The breaking point came between Cox and Congressional patronage powers, when Cox implemented a 30 day paid leave policy on federal employees at the Interior Department, in part used for the fall campaign. [18] Workers would not be paid for extra days off after the 30-day limit. [18] Prior to electric air conditioning, the hot Summer of 1870 caused employees to use up most of their 30 day vacation time, leaving only a few days of paid campaigning. [18] Many clerks complained to party leaders Senator Zachariah Chandler and Senator Simon Cameron, saying they could not campaign, putting the blame on Cox's 30 vacation policy. [18] Cameron was reported to have said, "Damn Secretary Cox ! We'll see the President about this fool business." [18] The pressure from party leaders worked, and on October 3, 1870, Grant overturned Cox's 30 day vacation rule. [19]
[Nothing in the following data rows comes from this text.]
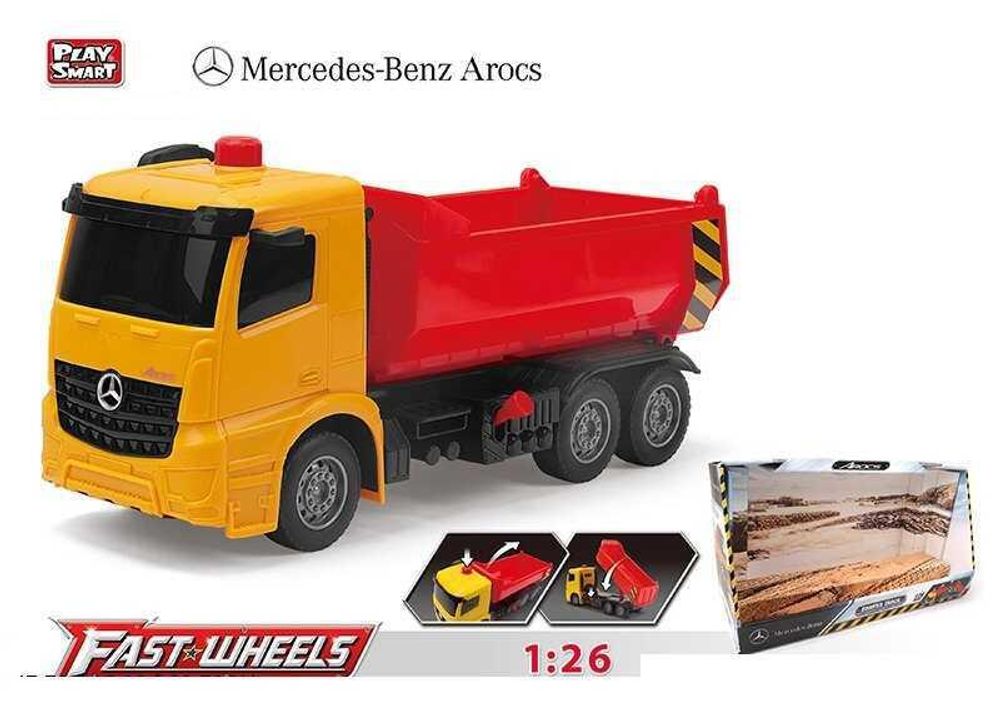 Игрушечный грузовик-самосвал Mercedes (мерседес)/Спецтехника 9717 B (8) &quot;Play Smart&quot;, подвижный кузов, в коробке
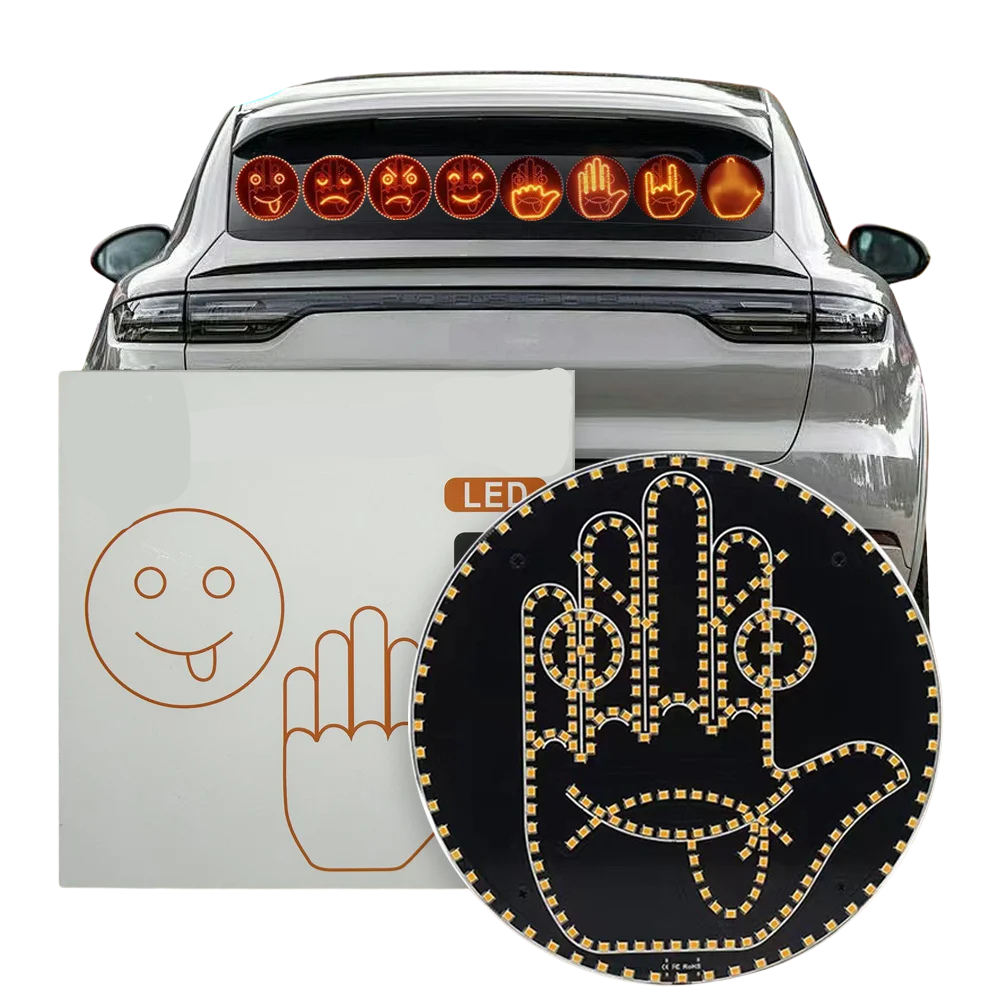 Lumière LED Voiture avec Expressions – Affichage Télécommandé pour Vitre Arrière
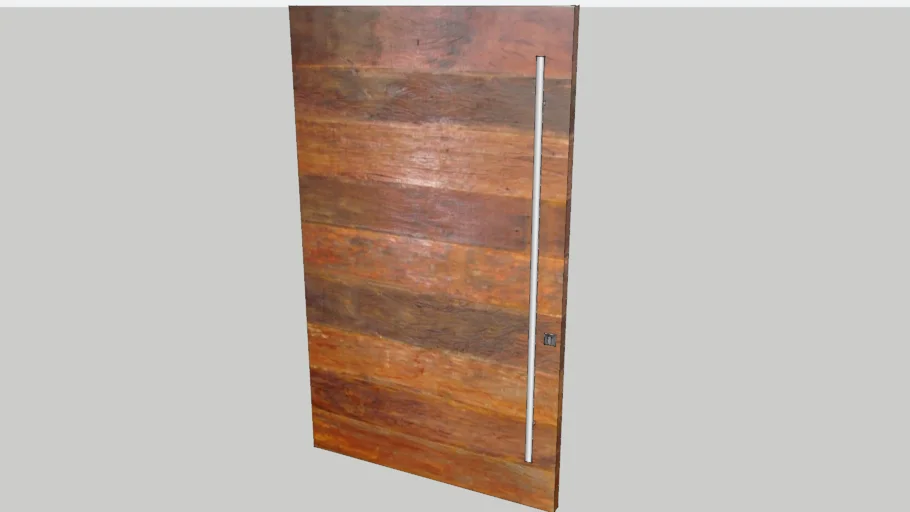 Porta Pivotante 2,50m x 1,50m de Madeira de Demolição e Puxador em Aço Inox.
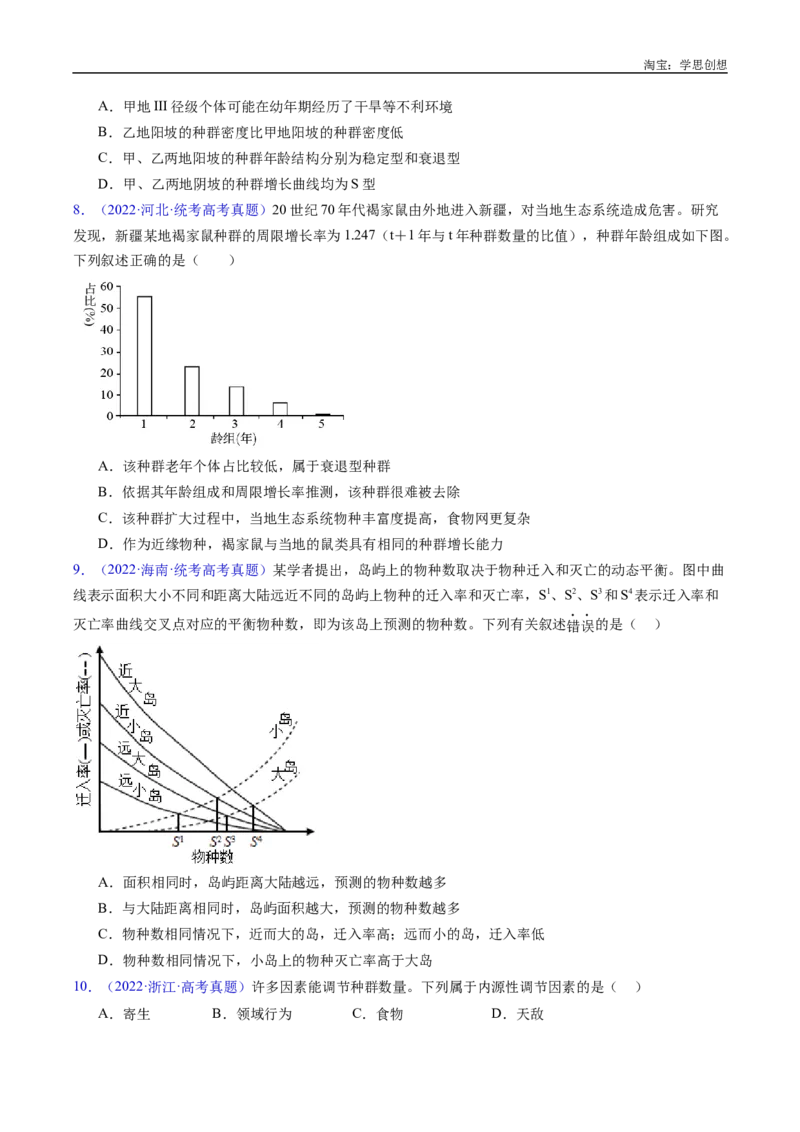 专题21种群和群落-好题汇编十年（2015-2024）高考生物真题分类汇编（全国通用）（原卷版）_生物真题汇总_十年（2014-2024）高考生物真题分项汇编（全国通用）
Dominican Republic annexation treaty Edit

Even before Grant became president, an annexationist faction in American politics desired control over the Caribbean islands. William H. Seward, Secretary of State under Lincoln and Johnson, having purchased Alaska from the Russians and attempted to buy the Danish West Indies from the Danes, began negotiations to purchase the Dominican Republic, then referred to as Santo Domingo. [20] These negotiations continued under Grant, led by Orville E. Babcock, a confidant who had served on Grant's staff during the Civil War. [20] Grant was initially skeptical, but at the urging of Admiral Porter, who wanted a naval base at Samaná Bay, and Joseph W. Fabens, a New England businessman employed by the Dominican government, Grant examined the matter and became convinced of its wisdom. [21] Grant believed in peaceful expansion of the nation's borders and thought the majority-black island would allow new economic opportunities for freedmen. The acquisition, according to Grant, would ease race relations in the South, clear slavery from Brazil and Cuba, and increase American naval power in the Caribbean. [22]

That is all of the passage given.